Since we can’t control the weather, we are coming up with innovative ways to work with it.

Our latest breakthrough is a cutting-edge power and weather modeling system called the Hybrid Renewable Energy Forecasting solution, or HyRef. This new technology is just another example of how big data can help transform industries, which in this case, enabling energy providers to forecast renewable power production in a new way.

The system works by using weather prediction and analytics to forecast the availability of wind and solar energy, so utility companies such as China’s State Grid Jibei Electricity Power Company Limited, can weave more renewable energy into the power grid. The roll-out is part of a SG-JBEPC-led, 670 megawatt demonstration project in the Zhangbei province in China, the largest renewable energy initiative to include solar and wind power, energy storage, and transmission.

Increasing the dependability of these renewable energy sources within the electrical grid is crucial to helping ramp up new solar and wind installations as well as combating climate change.

“Wind power is the largest and most readily-deployable form of new clean energy available, and utilities play a critical role in delivering this energy to retail electricity customers,” according to the American Wind Energy Association.
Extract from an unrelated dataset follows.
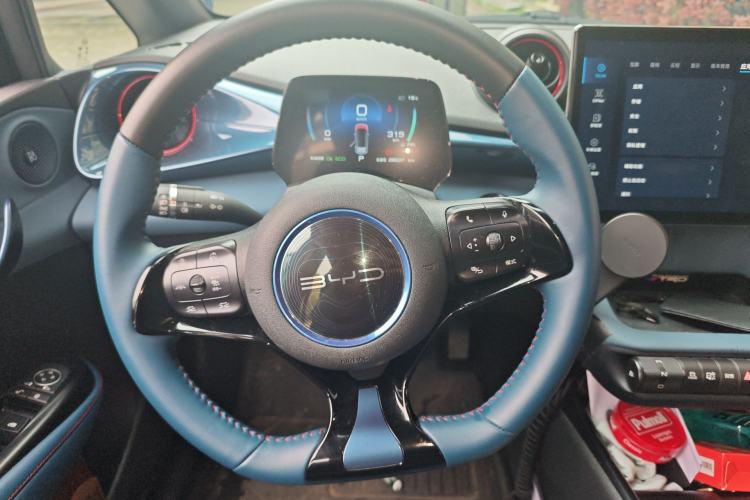 Used BYD Dolphin 2021 401km Knight Edition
This new forecasting system gets the job done. SG-JBEPC estimates that it will increase the dispatch of renewable energy generation by 10 percent, or enough energy to power more than 14,000 homes, capturing energy that would otherwise have been lost. This will lower the need for conventional coal and natural gas plants, hence reducing emissions.
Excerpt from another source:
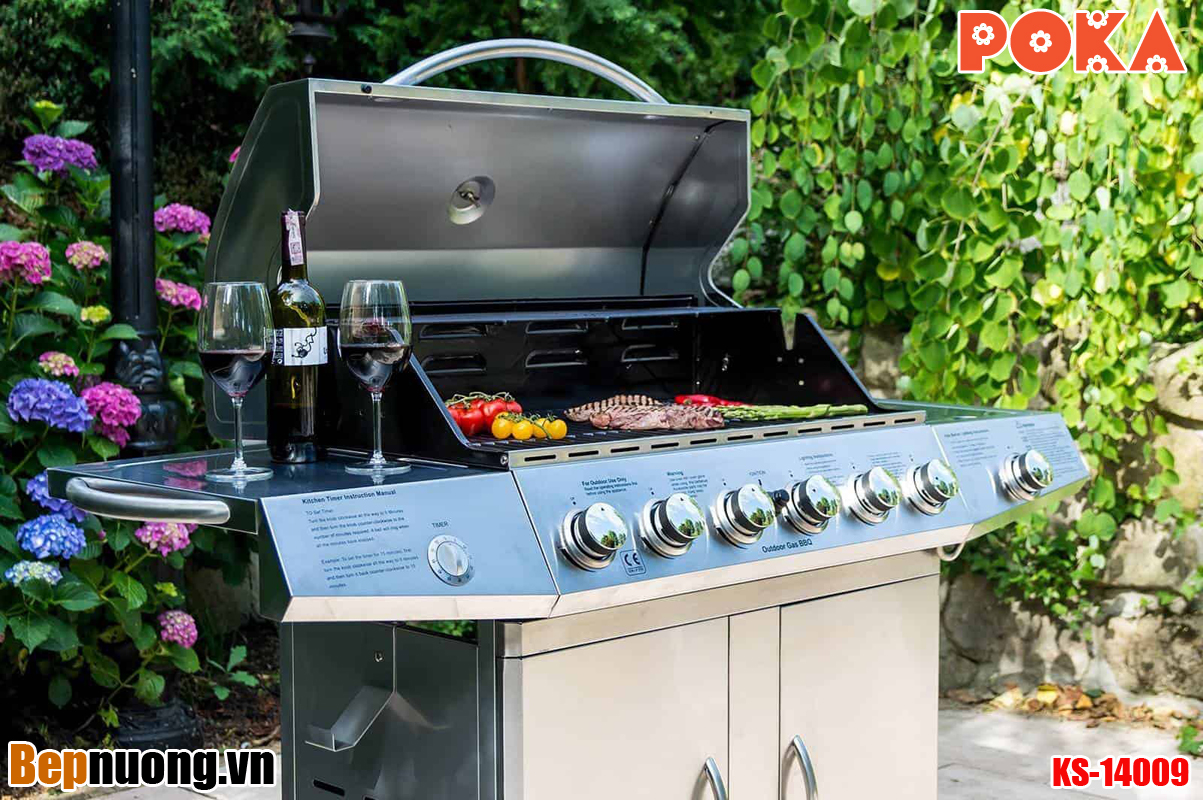 Bếp nướng gas BBQ Grill KS14009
For China, this achievement is significant when you factor in the country’s commitment to transform its energy infrastructure: to build a nationwide smart grid. With this initiative in mind, the Chinese government issued a policy, stating that wind power forecasting becomes an essential part for all wind power dispatched into the electrical grid.

HyRef uses sensors placed on the wind turbines, which track wind speed, temperature, and direction. While advanced cloud imaging technology and cameras, coupled with weather modeling technologies, monitor cloud movements in near real time to improve power forecasts. This continuously changing data is fed to analytics systems to produce accurate local weather and power forecasts for each wind farm as far as a month in advance or short-term forecasts of zero to four hours per in 15-minute increments.

By using these local weather forecast, HyRef can estimate how much energy each of the wind turbines and solar arrays will generate , helping utilities such as SG-JBEPC accurately and dependably anticipate the amount of renewable energy power it can redirect into the power grid or store for when the sun hides behind clouds and the wind remains dormant.

Global climate change, skyrocketing population growth, and the continued march of economic develop demand that the industry become smarter. Energy and utility organizations around the world are making the necessary investments to transform energy infrastructures and integrate cleaner energy sources into the grid. With advanced analytics, wind power and other renewable sources are becoming dependable energy alternatives and with wind power estimated to generate 4.9 percent of the world’s electricity in 2017, the prospects seem bright.